Fixated on fundraising
DeLay and others also grew increasingly focused on campaign fundraising, especially how much others were raising for the party and fellow members. They abolished the seniority system that controlled chairmanships and committee assignments, and replaced it with ideological and financial litmus tests. Those who raised the most money for the party often had the best chance of snaring a top committee assignment.

DeLay "had a tremendous influence making [money] a consideration, and once you have adopted those criteria, other members take note and say 'Gosh, I better do whatever it takes to get the nod for the job,' " Michel said.

The Republicans built a powerful legislative machine that rarely faltered. House Republicans were highly effective at passing legislation, especially tax cuts and measures benefiting businesses. The GOP leaders rarely lost floor votes, and since President Bush took office in 2001, they have shaped and pushed the Republican agenda. But along the way, the core conservative principle of shrinking the size of government was jettisoned, according to some Republican members. During the past six years alone, government spending has increased by more than 25 percent under their watch.

Rep. Mark Edward Souder (R-Ind.) said the party has compromised away its commitment to smaller government. "The moderates went along with us on policy as long as we gave them more money at the end of the year," Souder said. "We got addicted to spending." Souder, who first won office in 1994, said that it is no longer clear what the party stands for.

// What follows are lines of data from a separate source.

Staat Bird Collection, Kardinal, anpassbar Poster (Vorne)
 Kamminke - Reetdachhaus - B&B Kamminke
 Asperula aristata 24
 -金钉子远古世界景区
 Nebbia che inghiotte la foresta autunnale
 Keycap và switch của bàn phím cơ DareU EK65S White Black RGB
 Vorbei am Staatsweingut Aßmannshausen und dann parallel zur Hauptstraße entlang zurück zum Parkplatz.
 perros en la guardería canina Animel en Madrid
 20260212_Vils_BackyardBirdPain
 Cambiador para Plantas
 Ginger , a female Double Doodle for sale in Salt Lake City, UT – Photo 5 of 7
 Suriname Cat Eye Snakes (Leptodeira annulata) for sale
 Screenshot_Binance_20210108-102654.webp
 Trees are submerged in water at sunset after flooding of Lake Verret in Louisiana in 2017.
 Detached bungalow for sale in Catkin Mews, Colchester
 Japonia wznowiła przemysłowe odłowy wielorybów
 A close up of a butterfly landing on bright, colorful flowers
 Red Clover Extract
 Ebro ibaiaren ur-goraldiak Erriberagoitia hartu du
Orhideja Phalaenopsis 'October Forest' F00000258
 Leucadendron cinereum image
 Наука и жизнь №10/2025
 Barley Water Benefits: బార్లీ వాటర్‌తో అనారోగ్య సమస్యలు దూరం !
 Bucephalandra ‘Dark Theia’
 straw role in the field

"This is a campaign where we're each fighting on our own, hoping we can survive with a bare majority," Souder said. "Even if we had a unified vision, I don't know exactly what our vision would be."

Of all of the examples of backsliding, it is the ethical ones that Republicans fear could hurt them most in the fall election. Rep. Randy "Duke" Cunningham (R-Calif.) recently resigned after pleading guilty to taking bribes. Last week, DeLay announced he will resign from Congress this spring, just as the investigation of his former top aides in money-for-favors scandals is heating up. Many members said they expect at least one more GOP member to be indicted this year. A new AP poll shows 60 percent of Republicans now disapprove of the Republican Congress.

"If it's about your power, you lose," Armey said, quoting one of his own favorite axioms. "If it's about you, you lose."